Charles, the Prince of Wales, descendant of Claudia Rhédey greets the visitors in one of the exhibition rooms
In the family archives of the Württemberg house in Stuttgart, historians researching the family to prepare for the opening of the castle museum found the diary of Countess Claudia that she kept between 1833 and 1839. This newly discovered document, written in German, is an important historical source regarding her life during these years.
The exhibition space of the castle is named Mysteria Residentiae Rhédey, and it is considered to be the treasure of four nations. Thus, Hungarian, Romanian, German, and British personalities were all present at the ceremonial opening.

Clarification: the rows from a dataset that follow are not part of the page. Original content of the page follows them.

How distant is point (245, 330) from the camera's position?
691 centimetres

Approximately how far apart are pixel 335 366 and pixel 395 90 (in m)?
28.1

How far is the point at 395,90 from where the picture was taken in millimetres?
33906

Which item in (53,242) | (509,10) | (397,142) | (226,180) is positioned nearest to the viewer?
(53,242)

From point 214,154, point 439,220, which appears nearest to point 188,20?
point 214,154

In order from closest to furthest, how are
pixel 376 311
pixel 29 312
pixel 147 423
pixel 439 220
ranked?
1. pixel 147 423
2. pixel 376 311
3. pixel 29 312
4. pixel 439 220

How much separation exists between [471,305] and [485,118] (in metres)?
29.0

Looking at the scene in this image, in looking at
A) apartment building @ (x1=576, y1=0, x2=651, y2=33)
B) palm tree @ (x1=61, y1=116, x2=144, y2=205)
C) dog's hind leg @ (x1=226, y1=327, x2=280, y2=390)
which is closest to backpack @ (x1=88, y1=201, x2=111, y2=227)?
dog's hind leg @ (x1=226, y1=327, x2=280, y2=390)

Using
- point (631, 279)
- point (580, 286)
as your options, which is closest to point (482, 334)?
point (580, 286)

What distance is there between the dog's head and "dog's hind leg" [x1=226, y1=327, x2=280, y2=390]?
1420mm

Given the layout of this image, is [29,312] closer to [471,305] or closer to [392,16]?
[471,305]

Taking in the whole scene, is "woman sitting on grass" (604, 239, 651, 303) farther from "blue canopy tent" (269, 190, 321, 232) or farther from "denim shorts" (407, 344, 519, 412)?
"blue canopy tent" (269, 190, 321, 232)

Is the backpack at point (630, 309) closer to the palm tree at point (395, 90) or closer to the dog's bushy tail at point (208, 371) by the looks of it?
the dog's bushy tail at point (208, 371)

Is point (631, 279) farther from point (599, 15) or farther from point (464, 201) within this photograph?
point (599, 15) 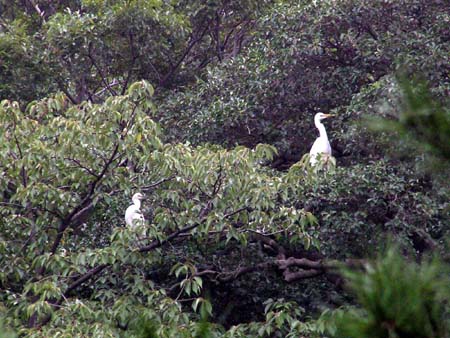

Andrew Noble, the British ambassador to Romania, said during the event that the castle museum, focused on the memory of the countess Rhédey, strengthens the bond between nations. Klaus Peter Krüger, the representative of the Brandenburg Land of Germany, hoped that many would visit the museum as well as the town and that everyone who entered the castle would leave with a smile for having seen such beauty, for learning about new things, and for experiencing Transylvanian hospitality.
Title image: In the castle museum, visitors can get to know the history of the Rhédeys and learn about the life of the beautiful countess, ancestor of the Windsors.